Electrochemical potentials are present across the membranes of virtually all cells in the body. Some cells, such as nerve and muscle cells, are capable of generating rapidly changing electrical impulses, and these impulses are used to transmit signals along their membranes. In other cells, such as glandular cells, membrane potentials are used to signal the release of hormones or activate other functions of the cell. Generation of membrane potentials relies on (1) diffusion of current-carrying ions, (2) development of an electrochemical equilibrium, (3) establishment of a RMP, and (4) triggering of action potentials.
Diffusion Of Current-Carrying Ions
A diffusion potential is a potential difference generated across a membrane when a current-carrying ion, such as the potassium (K+) ion, diffuses down its concentration gradient. Two conditions are necessary for this to occur: (1) the membrane must be selectively permeable to a particular ion, and (2) the concentration of the diffusible ion must be greater on one side of the membrane than the other.
The magnitude of the diffusion potential, measured in millivolts, depends on the size of the concentration gradient. The sign (+ or −) or polarity of the potential depends on the diffusing ion. It is negative on the inside when a positively charged ion such as K+ diffuses from the inside to the outside of the membrane, carrying its charge with it.
An equilibrium potential is the membrane potential that exactly balances and opposes the net diffusion of an ion down its concentration gradient. As a cation diffuses down its concentration gradient, it carries its positive charge across the membrane, thereby generating an electrical force that will eventually retard and stop its diffusion. An electrochemical equilibrium is one in which the chemical forces driving diffusion and the repelling electrical forces are exactly balanced so that no further diffusion occurs. The equilibrium potential (EMF, electromotive force) can be calculated by inserting the inside and outside ion concentrations into the Nernst equation.
Resting Membrane Potential
The RMP, which is necessary for electrical excitability, is present when the cell is not transmitting impulses. Because the resting membrane is permeable to K+, it is essentially a K+ equilibrium potential. This can be explained in terms of the large K+ concentration gradient (e.g., 140 mEq/L inside and 4 mEq/L outside), which causes the positively charged K+ to diffuse outward, leaving the nondiffusible, negatively charged intracellular anions (A−) behind. This causes the membrane to become polarized, with negative charges aligned along the inside and positive charges along the outside. The Na+/K+ membrane pump, which removes three Na+ from inside while returning only two K+ to the inside, contributes to the maintenance of the RMP.

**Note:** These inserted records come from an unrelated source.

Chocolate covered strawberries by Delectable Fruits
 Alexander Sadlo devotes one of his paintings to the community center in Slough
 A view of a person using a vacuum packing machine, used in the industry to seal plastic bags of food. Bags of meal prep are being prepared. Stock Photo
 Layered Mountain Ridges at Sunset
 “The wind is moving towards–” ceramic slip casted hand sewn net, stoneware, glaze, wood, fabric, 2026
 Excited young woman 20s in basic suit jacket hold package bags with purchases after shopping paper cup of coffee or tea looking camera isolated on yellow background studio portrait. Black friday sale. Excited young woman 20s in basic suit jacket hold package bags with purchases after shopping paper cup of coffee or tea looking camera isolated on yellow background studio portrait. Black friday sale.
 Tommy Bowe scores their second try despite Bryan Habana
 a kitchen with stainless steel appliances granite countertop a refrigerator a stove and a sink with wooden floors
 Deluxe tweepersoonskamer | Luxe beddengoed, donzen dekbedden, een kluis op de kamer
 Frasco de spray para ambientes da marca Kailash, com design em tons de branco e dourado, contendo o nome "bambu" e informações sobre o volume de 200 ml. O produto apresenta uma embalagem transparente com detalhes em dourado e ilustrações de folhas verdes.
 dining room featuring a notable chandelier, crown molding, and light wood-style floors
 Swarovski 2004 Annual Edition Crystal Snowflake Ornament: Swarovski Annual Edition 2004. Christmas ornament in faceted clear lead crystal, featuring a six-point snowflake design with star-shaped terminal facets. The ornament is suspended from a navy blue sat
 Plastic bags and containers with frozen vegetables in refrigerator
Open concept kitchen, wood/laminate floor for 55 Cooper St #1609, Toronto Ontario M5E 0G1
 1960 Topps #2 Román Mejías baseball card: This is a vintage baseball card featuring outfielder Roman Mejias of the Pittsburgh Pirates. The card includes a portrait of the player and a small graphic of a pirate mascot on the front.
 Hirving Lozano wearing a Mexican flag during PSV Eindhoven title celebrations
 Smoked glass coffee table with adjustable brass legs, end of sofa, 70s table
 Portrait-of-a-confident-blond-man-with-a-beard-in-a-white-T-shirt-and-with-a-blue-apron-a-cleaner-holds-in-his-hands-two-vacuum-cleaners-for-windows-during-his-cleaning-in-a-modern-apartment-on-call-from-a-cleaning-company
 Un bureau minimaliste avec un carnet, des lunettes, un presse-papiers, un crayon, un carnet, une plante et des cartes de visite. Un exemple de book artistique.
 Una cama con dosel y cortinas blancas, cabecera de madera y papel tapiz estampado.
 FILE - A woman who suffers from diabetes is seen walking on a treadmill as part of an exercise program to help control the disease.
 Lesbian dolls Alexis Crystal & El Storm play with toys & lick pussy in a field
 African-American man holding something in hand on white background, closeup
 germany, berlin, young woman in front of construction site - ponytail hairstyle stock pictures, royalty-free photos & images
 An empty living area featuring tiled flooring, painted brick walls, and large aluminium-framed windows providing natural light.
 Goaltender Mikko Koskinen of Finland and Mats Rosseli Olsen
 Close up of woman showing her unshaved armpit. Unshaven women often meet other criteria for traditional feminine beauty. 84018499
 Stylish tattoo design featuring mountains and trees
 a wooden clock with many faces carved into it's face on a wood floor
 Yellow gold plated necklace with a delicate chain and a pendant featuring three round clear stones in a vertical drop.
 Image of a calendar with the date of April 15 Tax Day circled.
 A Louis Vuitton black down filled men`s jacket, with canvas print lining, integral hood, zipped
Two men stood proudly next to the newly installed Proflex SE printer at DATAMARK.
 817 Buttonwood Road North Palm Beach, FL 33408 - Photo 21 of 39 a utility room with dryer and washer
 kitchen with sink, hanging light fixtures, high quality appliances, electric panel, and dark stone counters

Action potentials involve rapid changes in the membrane potential. Each action potential begins with a sudden change from the negative RMP to a positive threshold potential, causing an opening of the mem- brane channels for Na+ (or other ions of the action potential). Opening of the Na+ channels allows large amounts of the positively charged Na+ ions to diffuse to the interior of the cell, causing the membrane potential to undergo depolarization or a rapid change to positive on the inside and negative on the outside. This is quickly followed by closing of Na+ channels and opening of the K+ channels, which leads to a rapid efflux of K+ from the cell and reestablishment of the RMP.